The peak vegetable growers group, Ausveg, wants the Federal Government to help find alternatives to the growing list of banned chemicals.
Ausveg has drawn up a list of eight pesticides that are banned or facing suspension, including the fruit fly control fenthion.
The Authority is currently reviewing fenthion, and could suspend its use by the end of this month.
Simon Coburn, of Ausveg, says Australian growers need help from the government.
"We are a very small player in the world game," he said.
"What we're trying to do is make it appealing for companies with the global resources behind them to invest in that.
"What we need to do is work with government to find ways that will attract those international, multinational companies to invest in the industry."
A northern NSW stonefruit grower says he'll leave the industry if the nation's chemical regulator withdraws fenthion, which is used on crops including stonefruit, citrus and tomatoes.
Bangalow peach and nectarine grower Ray Hick says it's looking likely that he'll have to bulldoze his orchard.
"There's no way that I'll go through a season sending fruit away that I'm sure is whole.
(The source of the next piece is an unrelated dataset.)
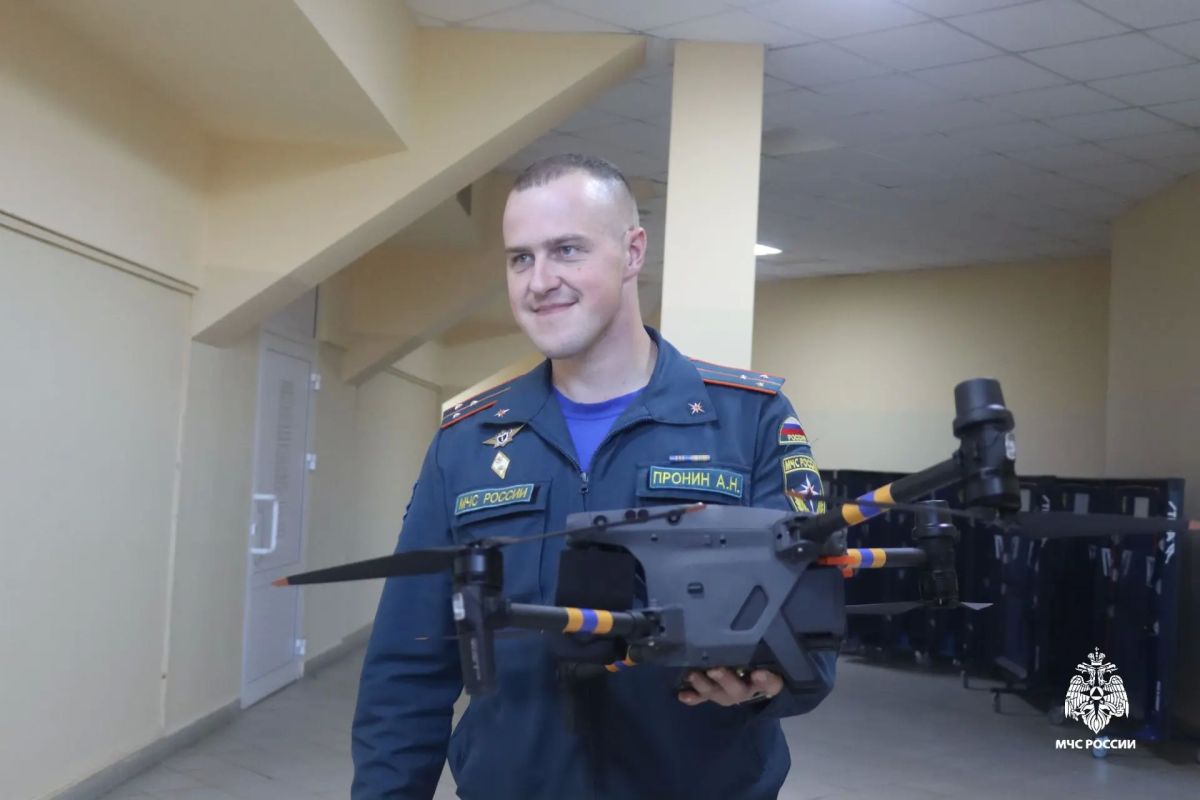 Главное управление МЧС России по Вологодской области участвует в студенческом празднике Главное управление МЧС России по Вологодской области участвует в студенческом празднике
The last thing I want is to be frightened every night when the phone rings for fear someone's on the phone saying I've got a maggot in the fruit," he said.
"There's nothing that we know of that, if I sell all of my fruit, that not one or several pieces will contain live maggots in it."
Mr Hick says growers need more time to find an alternative.
"The industry is spending in excess of half a million dollars endeavouring to look for alternatives and looking at lower dosage rates and longer withholding periods and what we have asked the APVMA, and we've asked the politicians, to try to understand that we need a little bit more time," he said.
"We've employed outside scientists to do this research and we really need time for them to be able to give us the results of their tests.
"Growers are not chemical companies, we're not chemists, we can't develop a chemical product.
"And if we're going to look at releasing sterile flies and baiting, it will take probably five years to do a small area, and at this stage I can't see the Federal or State Government giving us hundreds of millions of dollars to rid the fruit fly.
"So their request is very very difficult."
The APVMA's pesticides program manager, Dr Raj Bhula, says that as regulator, it has the responsibility to ensure that agricultural chemicals can continue to be used safely and that the findings of the report are a trigger to take action to ensure that consumers remain protected.
The Authority published a report that found that a two to six-year-old child eating certain fruits and vegetables treated with the chemical may be exposed to residues higher than the public health standard.